Asian countries are turning back to coal as disruptions from the war involving Iran squeeze oil and gas shipments through the Strait of Hormuz, a chokepoint for roughly one-fifth of global oil and natural gas trade.
LNG — natural gas cooled to a liquid for transport — has been promoted as a bridge fuel away from oil and coal and the U.S. has been expanding exports to Asia. It burns cleaner than coal but still emits greenhouse gases and methane. With LNG supplies uncertain, several Asian governments are increasing coal-fired generation to cover immediate shortfalls.
India is burning more coal to meet higher summer demand and to cover a peak load projected around 270 gigawatts. South Korea has lifted caps on electricity from coal when gas supplies are tight. Indonesia, the world’s largest coal exporter, is prioritizing domestic use over exports, tightening regional supplies. Thailand, the Philippines and Vietnam are also boosting coal power. Two shipments of liquefied petroleum gas to India, totaling more than 92,700 tons, recently passed through the Strait of Hormuz; such imports may be directed to industry rather than power, reducing relief for electricity generation.
Experts say coal is a short-term fix that risks worsening air pollution, slowing the renewable transition and increasing planet-warming emissions. Julia Skorupska of the Powering Past Coal Alliance called the crisis “a real sort of warning.” Sandeep Pai of Duke University noted coal’s wide availability in Asia makes it the default backup when renewables or gas fall short. Michelle Manook of FutureCoal argued that without coal the shortfall would be worse and urged diversity in energy sources. Pauline Heinrichs of King’s College London warned that using coal to offset, for example, hydropower drought shortfalls can exacerbate the very emissions that drive climate disruption.
China, the world’s largest coal consumer and producer, has added record coal power capacity since 2021 to shore up energy security and still includes coal in national policy despite large clean-energy deployments. India has coal stock for only about three months, with some reserves earmarked for small businesses. Coal prices are set on global markets, exposing importers to volatility; the benchmark Newcastle coal price has risen about 13% since the war began. Vietnam, which boosted imports after weather-driven shortfalls, now faces uncertainty from Indonesia’s export cutbacks and is considering U.S. and Laos supplies.

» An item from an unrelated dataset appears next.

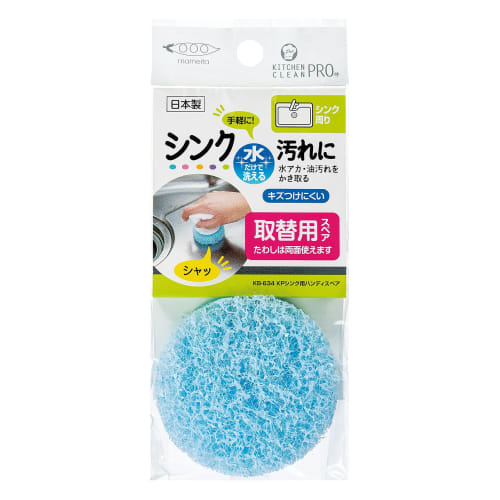 Mameita Kitchen Sponge, Blue, 6.5cm Wide x 6.5cm Deep x 2cm High, Kitchen Clean Pro, Sink Cleaning, Spare Replacement, Removes Limescale and Grease, E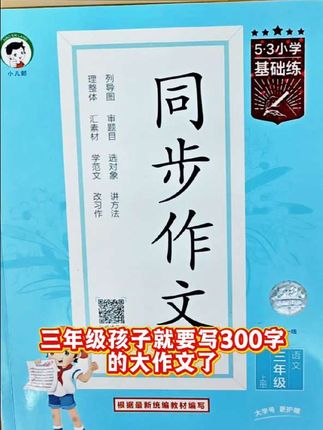 【53品牌】小学同步作文、作文素材 3-6年级上册 2025新版、全国通用#同步课本#作文素材 #好书分享 #学霸秘籍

Indonesia’s decision to favor domestic use could tighten supplies and push prices higher, said Putra Adhiguna of the Energy Shift Institute. But more coal does not guarantee cheaper or more reliable power, Russell Marsh of E3G cautioned. Coal-fired electricity is becoming costlier in some places: IEEFA found coal power in Indonesia was 48% more expensive in 2024 than in 2020, driven by aging plants and higher operating costs. Subsidies to the national utility rose 24% to about $11 billion, roughly 5% of the national budget.
Reliance on coal now may slow long-term phase-outs. Indonesia has struggled to retire plants early even before the conflict. Jakarta had promoted LNG to ease coal dependence; the renewed pivot to coal “sends a signal” that switching fuels is harder than expected, Adhiguna said. South Korea, which pledged to retire most coal plants by 2040 and halve emissions by 2035, is allowing more coal use when air pollution is low and LNG is scarce. Renewables supplied only about 10% of South Korea’s electricity in 2024 versus a global average near 32%, and over the past decade-plus Seoul has committed heavily to fossil fuels — roughly $127 billion in support over 11 years, according to Solutions for Our Climate — raising concerns about precedent and lock-in.

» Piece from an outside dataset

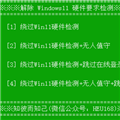 TrainingWin11ISOTools
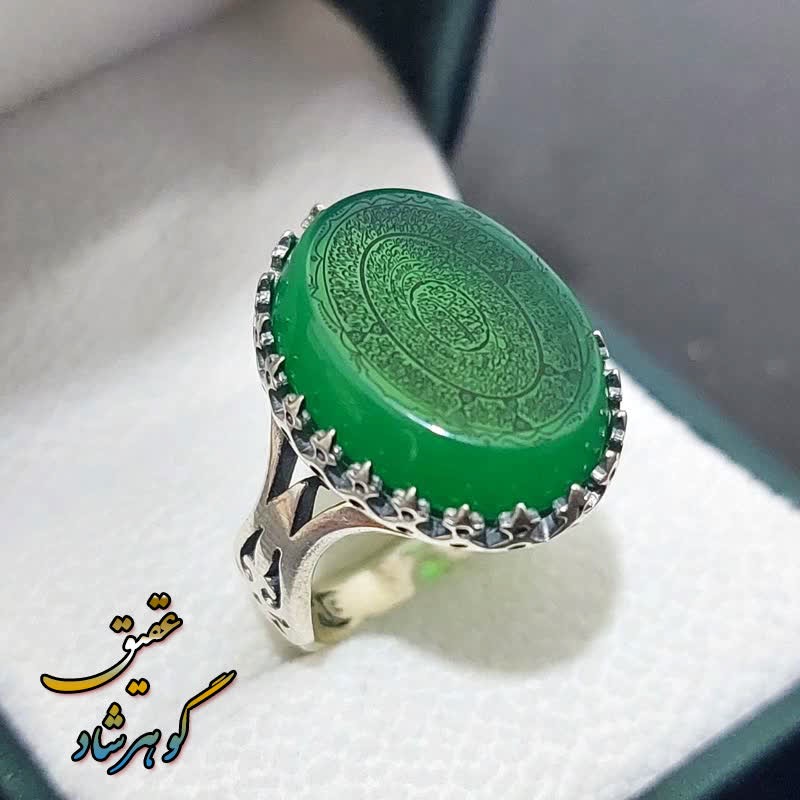 انگشتر عقیق سبز اصل 16 ذکر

Health impacts are immediate. Coal combustion emits fine particulate matter (PM2.5) that penetrates deep into lungs and the bloodstream, raising risks of heart disease, stroke, lung cancer and chronic respiratory illness, the World Health Organization says. Poor air quality is already widespread across Asia, worsened seasonally by agricultural burning. The Energy Policy Institute at the University of Chicago reported that all 1.4 billion Indians breathe air with PM2.5 concentrations above WHO safe limits; New Delhi and other cities repeatedly suffer hazardous smog. Vietnam also faces PM2.5 far above recommended levels. Shopowner Lan Nguyen in Hanoi said coal is essential now but expressed daily worry for her asthmatic son’s health.

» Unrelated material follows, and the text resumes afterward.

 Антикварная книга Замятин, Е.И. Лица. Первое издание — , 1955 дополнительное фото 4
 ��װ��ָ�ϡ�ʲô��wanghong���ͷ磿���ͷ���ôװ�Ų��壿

Policy and finance choices matter for how long the coal rebound lasts. South Korea’s increased coal use during the crisis could set a precedent that persists beyond immediate shortages, warned Joojin Kim of Solutions for Our Climate. For countries with little domestic coal capacity, like Thailand, the immediate effect on electricity prices may be limited because coal represents a small share of generation.
The current shift underscores energy security tensions: coal provides short-term resilience but heightens long-term exposure to price swings, pollution and emissions that deepen climate risks. Many analysts stress that accelerating renewables and diversifying supply — including strengthening LNG logistics where feasible and improving storage and grid flexibility — are the sustainable responses to avoid repeating the cycle of crisis-driven coal dependence.